Hacker News new | ask | show | jobs
by a-dub 2721 days ago
So the pitch is that you don't have to do feature engineering... but then instead it seems people do network structure engineering with featurish things like convolutions.

The performance is still better in most cases but I often have to wonder, are people just doing feature engineering once removed and is the better performance just the result of having WAY more parameters in the model?

2 comments

I guess one upshot to the SVM approach is that there's math for quantifying how well a given model will generalize, subject to some assumptions.

Is there anything like that in the ANN world?

In short, no. Not for practically large models used in common tasks like image classification or speech to text.
are people just doing feature engineering once removed and is the better performance just the result of having WAY more parameters in the model?

Not really, or sort of, depending on how you think.

A deep neural network does work - at least to some extent - because of the large number of parameters. However, it is practical because it can be trained in a reasonable amount of time.

Things like ResNets are useful because they allow us to train deeper networks.

You can create a SVM with the same number of parameters[1], and in theory it could be as accurate (this is basically the no free lunch theorem[2]). But you won't be able to train it to the same accuracy.

[1] Of course there are practical concerns about what you do for features, since hand created features just aren't as good as neural network ones. One thing people do now is use the lower layers of a deep neural network as a feature extractor and then put a SVM on top of them as the classifier. This works quite well, and is reasonably fast to train.

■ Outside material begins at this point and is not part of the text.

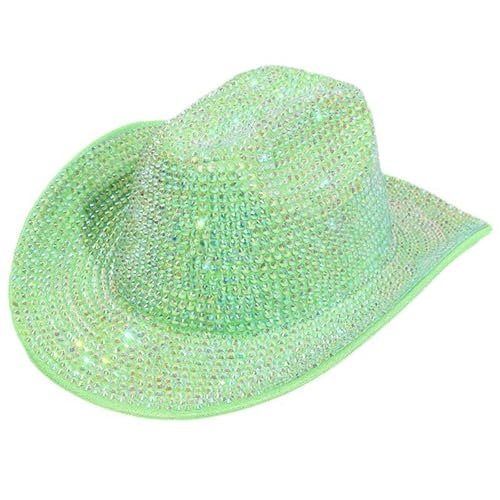 Storage Bag Braut Fedoras Crystal Panama Für Junggesellenparty Cocktailpartys Storage Bag Braut Fedoras Crystal Panama Für Junggesellenparty Cocktailpartys von Storage Bag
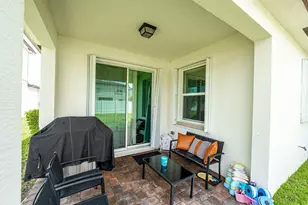 12516 NW Toblin Ln, Port Saint Lucie, FL 34987 - Photo 29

[2] https://en.wikipedia.org/wiki/No_free_lunch_theorem

But you won't be able to train it to the same accuracy.

I'm not sure I agree with this bit in theory. A Neural Network is a stack of basis functions; and this stack can also be seen as a bunch of basis functions. And basis functions are what kernels represent. Trivially, you could then "copy" the weights that a ANN would learn into a kernel and obtain the same accuracy.

The reason this doesn't work in practice is, in SVMs, you tend not to learn kernels from scratch but use (possibly a combination of) standard parameterized kernels - [1]. The learning step in the SVM adapts this standard kernel to your dataset as much as the parameters allow, but this would be sub-optimal compared to learning a kernel (or the corresponding basis functions) from scratch that's built just for your data. With a well trained ANN the latter is what you get.

[1] there has been a fair amount of work on learning kernels too, but its not as mainstream as using standard kernels.

Trivially, you could then "copy" the weights that a ANN would learn into a kernel and obtain the same accuracy.

Sure.

I'm not sure I agree with this bit in theory.

No one really agrees with it in theory - I'm not aware of a good theoretical explanation as to why some deep networks are easier to train. And yet there is a growing body of real, generalized practical hints which work pretty reliably.

This is pretty exciting! There is undiscovered ideas here. But it is unsatisfactory from the theoretical sense at the moment.